One of the hardest conversations I’ve had in the past year is sitting down with our finance director and trying to justify our influencer marketing spend. We have some really solid campaigns under our belt, but when you’re translating creative impact into something that sways a CFO, the language breaks down fast.
The problem wasn’t that we didn’t have case studies—we had plenty. But case studies are narrative. They’re ‘we ran this campaign, creators hit these engagement metrics, brand awareness went up.’ That tells a story, but it doesn’t tell the business story that finance people need.
I started looking for different resources—actual playbooks and frameworks from US-based experts on the platform who’ve done this before. Not just their case studies, but their methodology for translating creative metrics into business metrics. And that’s when things shifted.

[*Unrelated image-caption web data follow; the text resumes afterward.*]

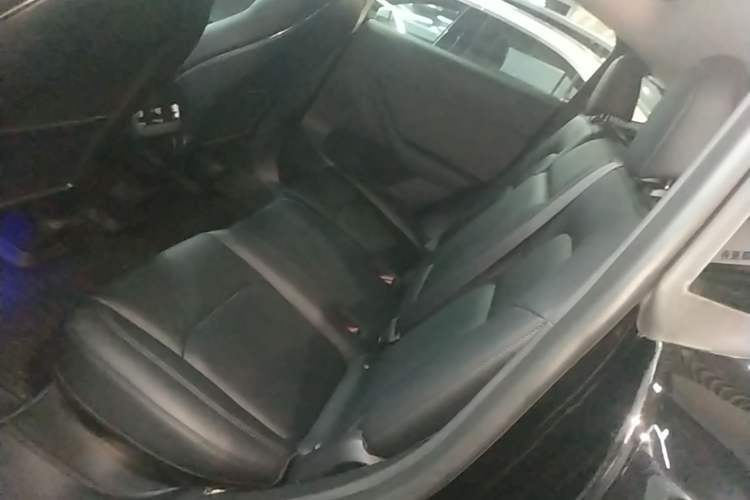 Used Tesla Model Y 2023 Rear-Wheel-Drive Version
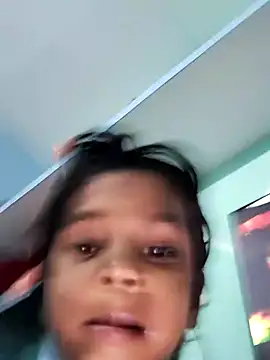 RAYI_Queen_4 webcam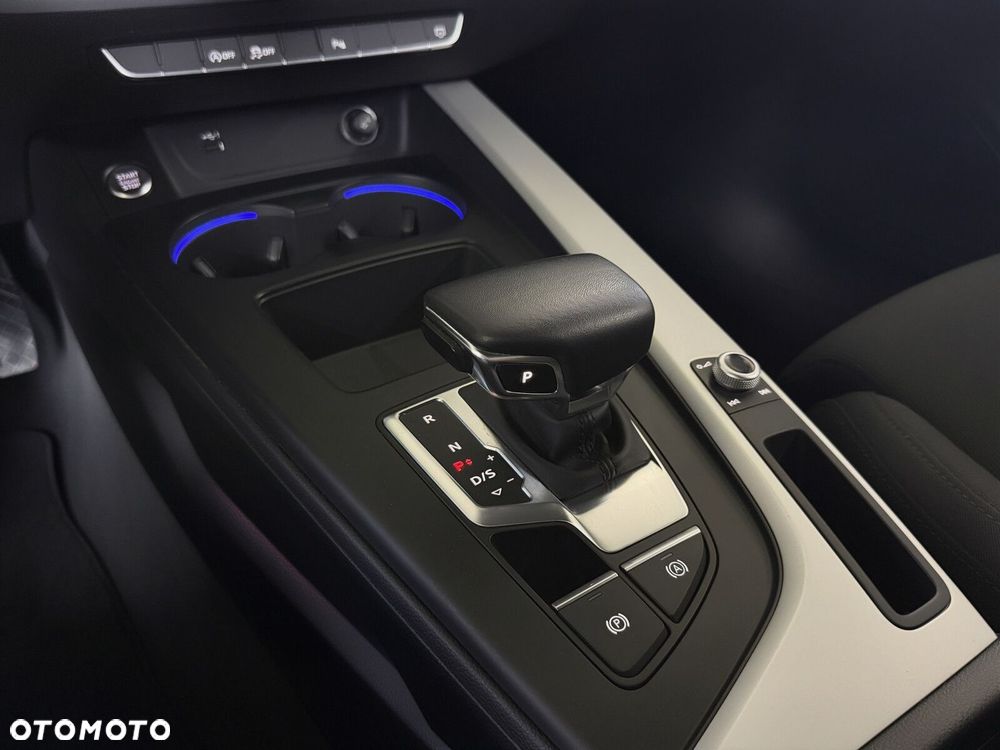 Audi A4 Limousine - 22
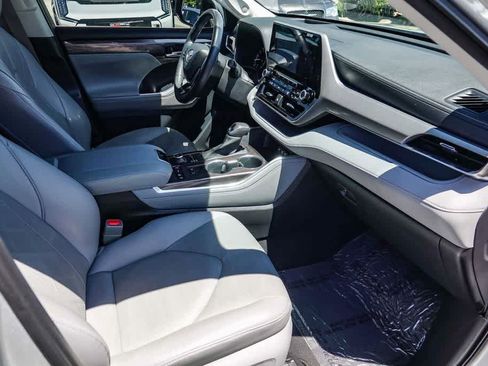 Used 2020 Toyota Highlander Platinum AWD/4WD image 15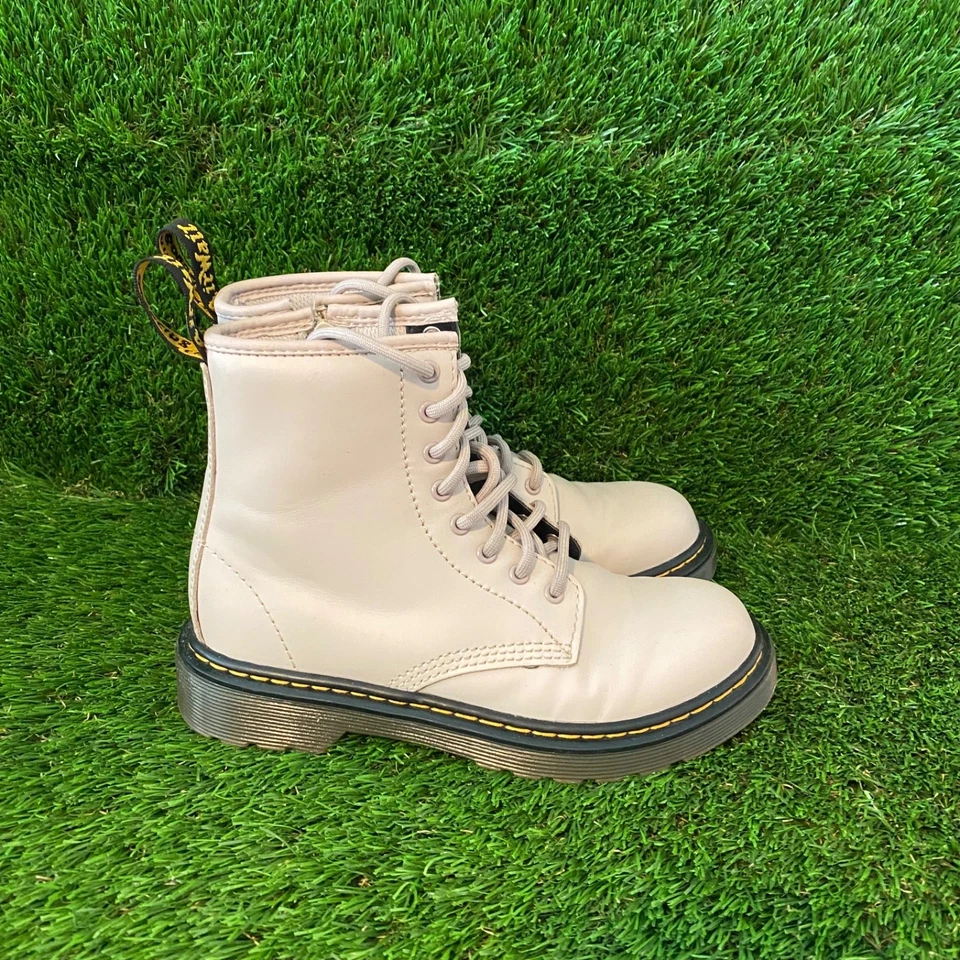 Dr Martens 25634 Juvenil Talla 1 Bronceado Bota de Combate 8 Ojos Cómoda Informal Zapato Clásico Foto 2 de 4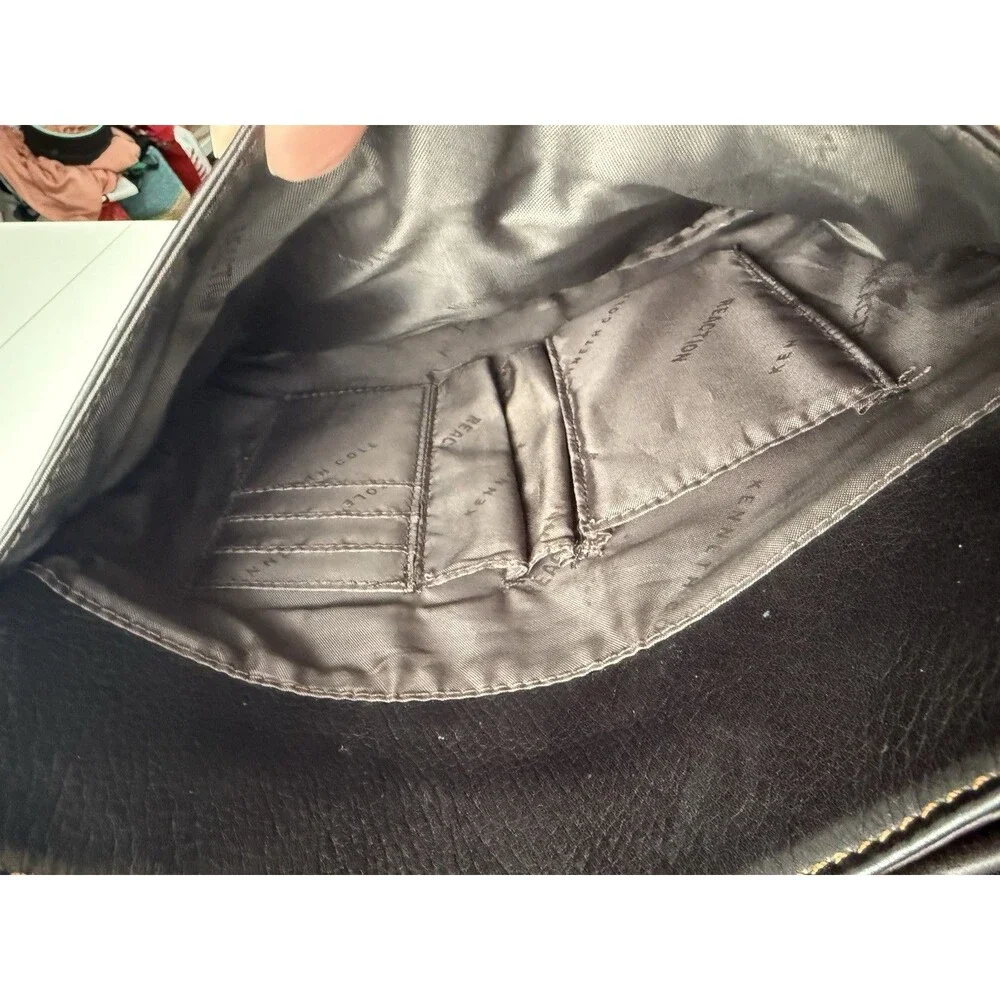 Kenneth Cole Reaction Brown Black Tablet/Messenger Crossbody Bag Leather Unisex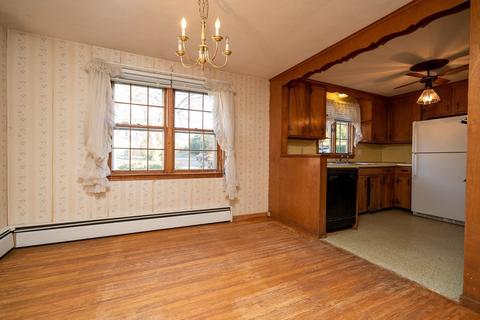 224 Forest Hills Rd, Springfield, MA 01128 photo 7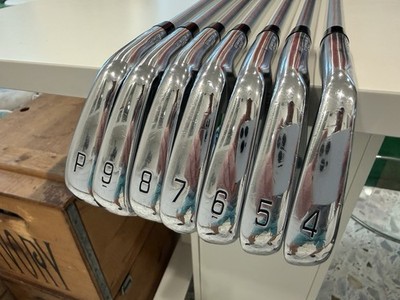 Mizuno Pro 221 4-PW, Project X IO 110g 6.0 Steel, D3, +1/2 , Z Grip Align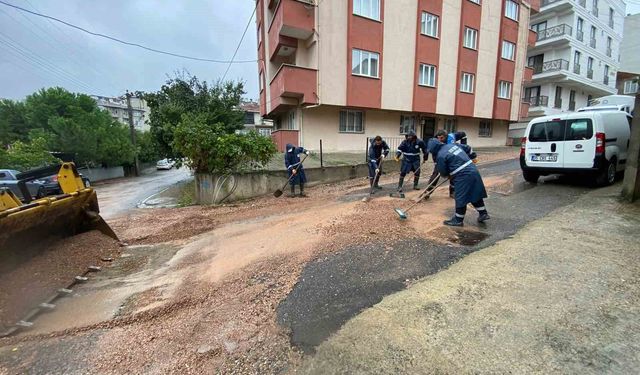 Gebze Belediyesi sağanak yağışa karşı 289 personelle sahada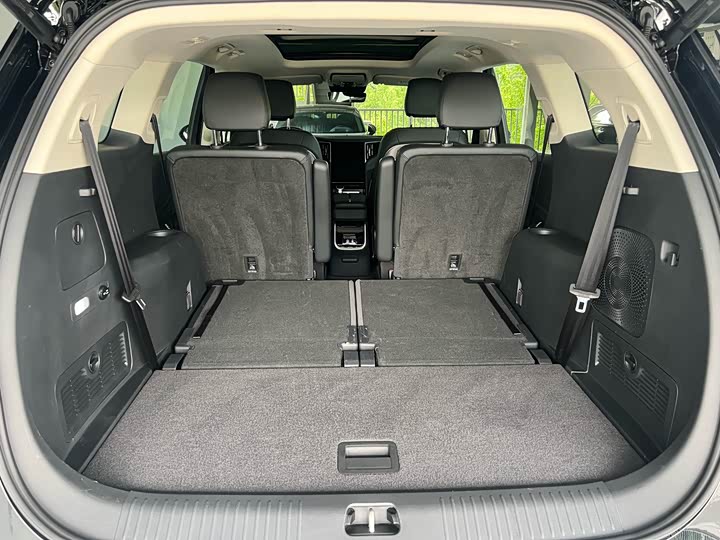 Фото 16 - Hongqi HS7 Hybrid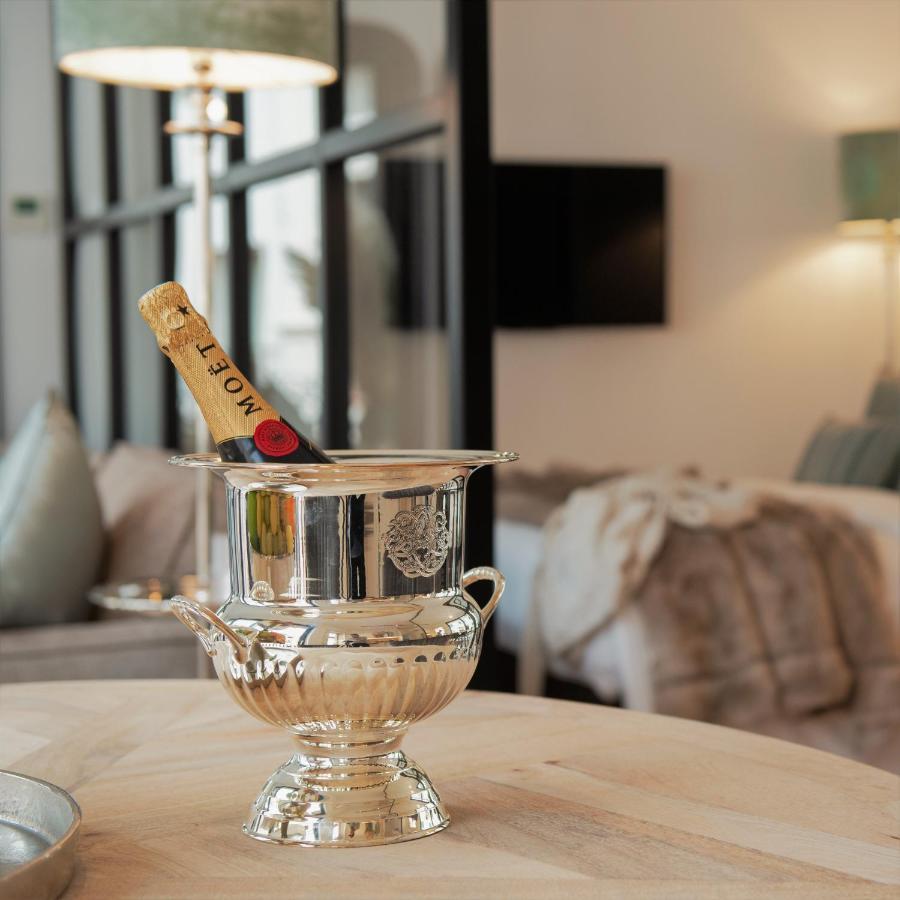 Elegance Room - Aparta & Suite - Automatized Apartment Bassano del Grappa Zewnętrze zdjęcie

I realized most of our case studies were missing the crucial layer: attribution. We could say ‘influencer campaign generated 50K impressions,’ but we weren’t connecting that to downstream business metrics like customer acquisition cost, lifetime value, payback period, or contribution to revenue.
So I started rebuilding our case studies with that layer included. I pulled in historical data about which influencers led to actual conversions, customer retention, repeat purchases. I matched that back to the influencer metrics to show the correlation.
The case study now reads differently. Instead of ‘here’s what we did and it was popular,’ it’s ‘here’s what we did, here’s the business outcome, and here’s the ROI multiple.’ That language moves C-suite conversations from skeptical to engaged.
But I’m still working through this. The cases that work best are the ones where I have 6+ months of post-campaign data. For newer programs, I’m building forward-looking ROI models based on historical patterns. How are the rest of you actually structuring this? Are you using specific frameworks or templates to translate creative success into business proof?